GEORGE TOWN (May 11, 2008)by Himanshu Bhatt
Some 104ha of prime land, earmarked for the RM25 billion Penang Global City Centre (PGCC) project, was mysteriously converted in the latest Penang Island Structure Plan, becoming the biggest land impropriety to be noticed by the current state administration.
Chief Minister Lim Guan Eng has asked his predecessor Tan Sri Dr Koh Tsu Koon to explain why the land around the Penang Turf Club was converted from "open ground and recreation" to "new development" by the previous government when the structure plan was gazetted in June 2007.
"Let the people of Penang know. Was this in public interest? Why did you do it?" he said in a press conference today. "Do not try to mislead the people of Penang again which you have done before."
"Even the prime minister was misled to launch the project," he added, referring to Datuk Seri Abdullah Ahmad Badawi's launch of the PGCC last Sept 12.
He called on Koh and former state executive councillor Datuk Dr Teng Hock Nan to apologise to Abdullah for not informing him that he was launching an "illegal" project.
"Why did they not inform the prime minister that no approval had been given for the project?"
Lim said he has requested to meet Koh on the matter, but was told the acting Gerakan president was not available.
When the land was bought by Abad Naluri Sdn Bhd, an associate company of Equine Capital Bhd, in 2002 it cost only RM488 million.

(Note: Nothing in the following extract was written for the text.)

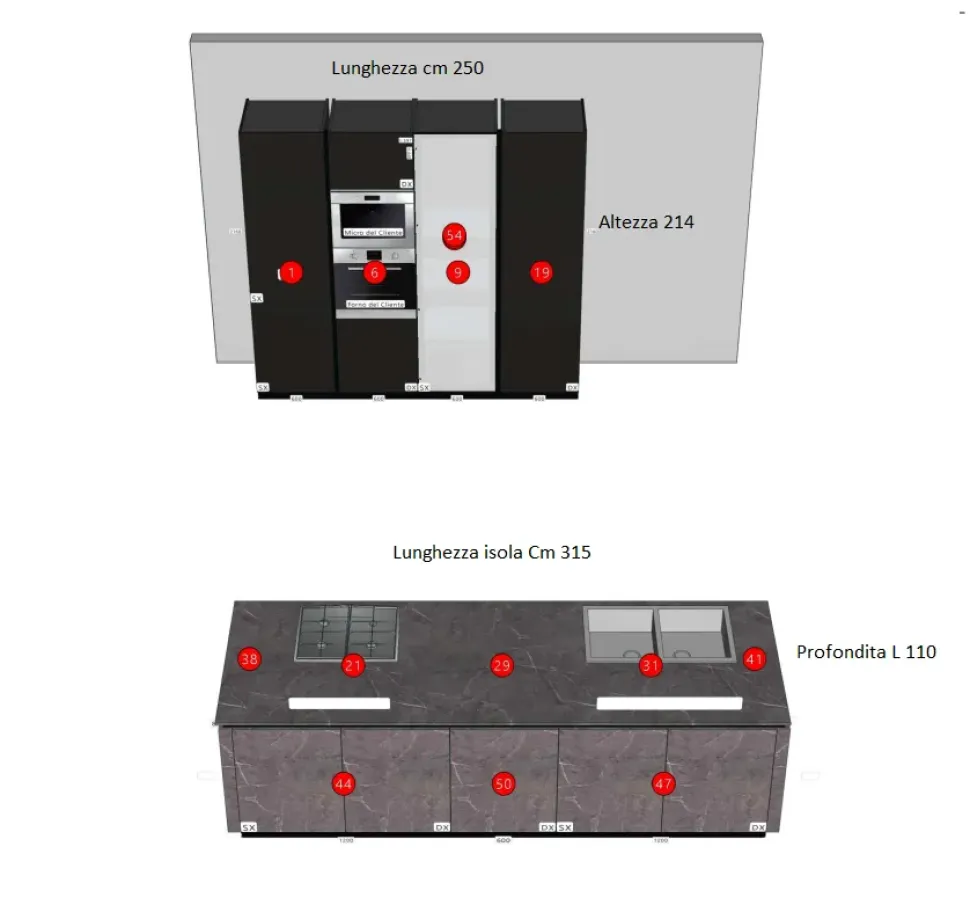 Cucina altri colori design ad isola Kappa Armony in offerta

"Once rezoned, the whole development project was RM25 billion," Lim noted. "At the stroke of a pen, at a mere gazette, what was worth RM488 million became RM25 billion."
He asked Koh to explain whether the zoning could now be re-altered to the original. "What are the consequences of rezoning it again back to the original designation?" he said.
"Show me you are on top of your job. You have been chief minister for 18 years. You tell me what are the consequences."
"You think you can 'main-main' ah? What are the consequences?"
The altered zoning has been a source of contention by local NGOs and civil society groups who want the area to remain a green lung, and be accessible to the public for recreation.
Lim told reporters that this was the most major of the land indiscretions that he had sought explanation on from former deputy chief minister Datuk Abdul Rashid Abdullah.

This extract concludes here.